Keputusan ini menghapuskan pelarangan pemakaian jilbab di dalam lingkup sekolah di bawah undang-undang netralitas Berlin yang telah diterapkan di Berlin sejak 2005.
Di bawah undang-undang netralitas Berlin, pegawai negeri dilarang mengenakan pakaian dan simbol keagamaan. Para guru di kota itu dilarang mengenakan jilbab sejak 2005. Meski begitu, beberapa putusan pengadilan dalam beberapa tahun terakhir menekankan bahwa larangan jilbab merupakan diskriminasi dan melanggar kebebasan beragama yang dijamin oleh konstitusi.
Dalam laporan Human Rights Watch dijelaskan bahwa di Jerman, kebijakan penggunaan simbol agama di sekolah menjadi tanggung jawab di 16 negara bagian, bukan pemerintah federal. Pendekatan negara terhadap jilbab dan simbol agama di sekolah kemudian menjadi sangat bervariasi, terkadang sangat mencolok.
Delapan negara bagian seperti Baden-Württemberg, Bavaria, Berlin, Bremen, Hesse, Niedersachsen, Rhine-Westphalia Utara, dan Saarland, misalnya. Mereka memberlakukan undang-undang dan kebijakan untuk melarang guru di sekolah umum mengenakan pakaian dan simbol keagamaan tertentu. Di dua negara bagian lainnya, Hesse dan Berlin, larangan tersebut bahkan diterapkan lebih luas, mencakup banyak peran pegawai negeri.

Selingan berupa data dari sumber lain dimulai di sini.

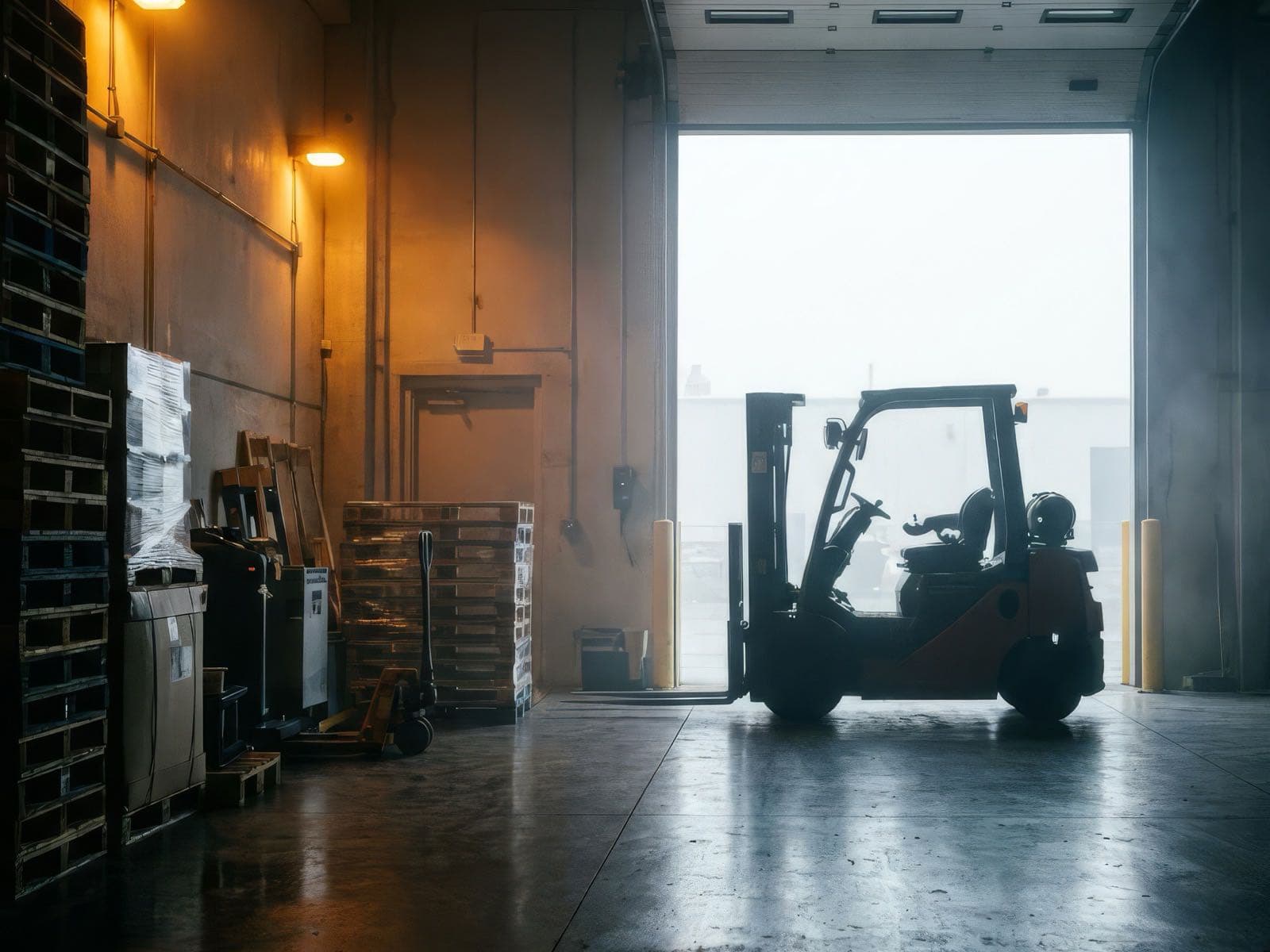 Loading dock interior at an Atlas logistics facility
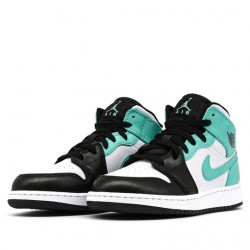 Nike Air Jordan 1 Mid "Tropical Twist Igloo" Femme/Homme Chaussure 554724-132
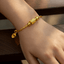 Gold - Plated Adjustable Charm Bracelets - Zambeel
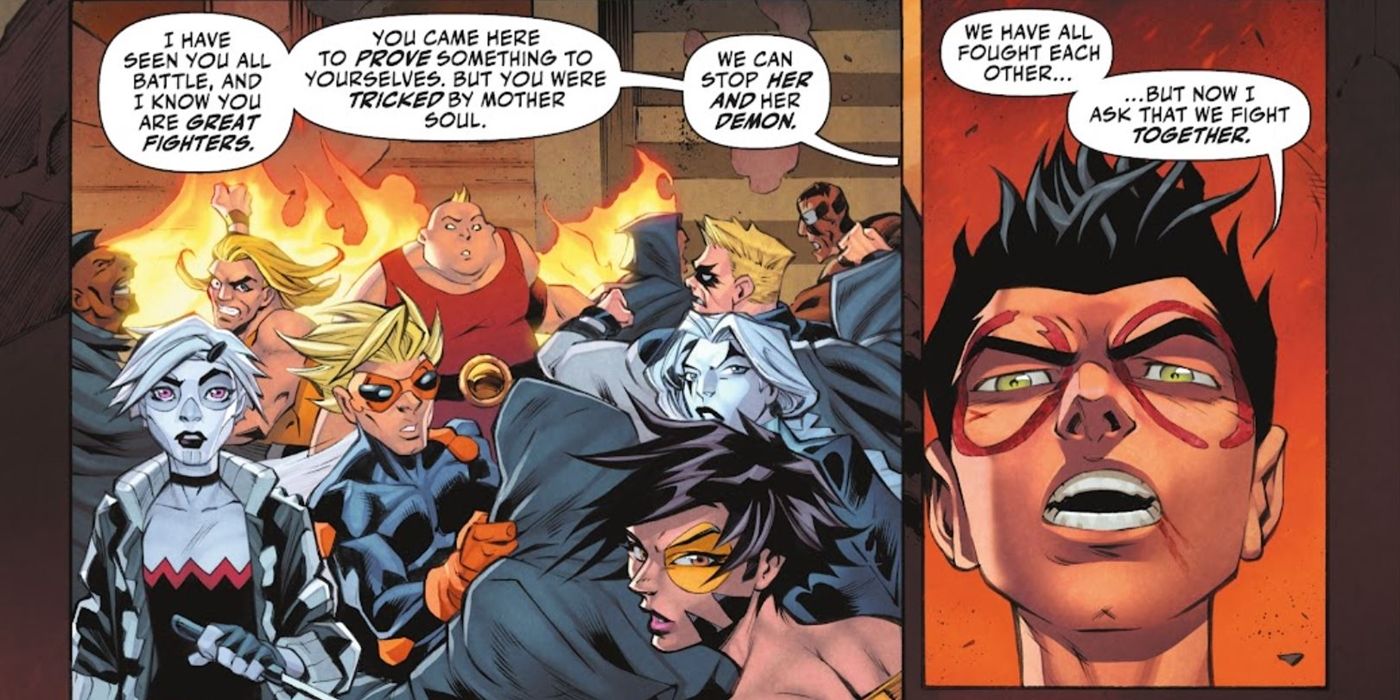Damian finds his inner leader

Tak satu pun dari undang-undang yang melarang simbol dan pakaian agama secara eksplisit menargetkan jilbab. Bagaimanapun, jilbab telah menjadi fokus perdebatan parlementer sebelumnya. Aturan tersebut baik secara eksplisit pun dalam penerapannya telah mendiskriminasi perempuan Muslim. Di negara bagian yang memberlakukan kebijakan tersebut, wanita berjilbab tidak diizinkan bekerja sebagai guru. Segera setelah undang-undang baru berlaku, guru diminta untuk melepas jilbab dan ditegur jika mereka menolak melakukannya, dan alam beberapa kasus bahkan diberhentikan. Guru telah diancam dengan tindakan disipliner jika mereka tetap mengenakan jilbab.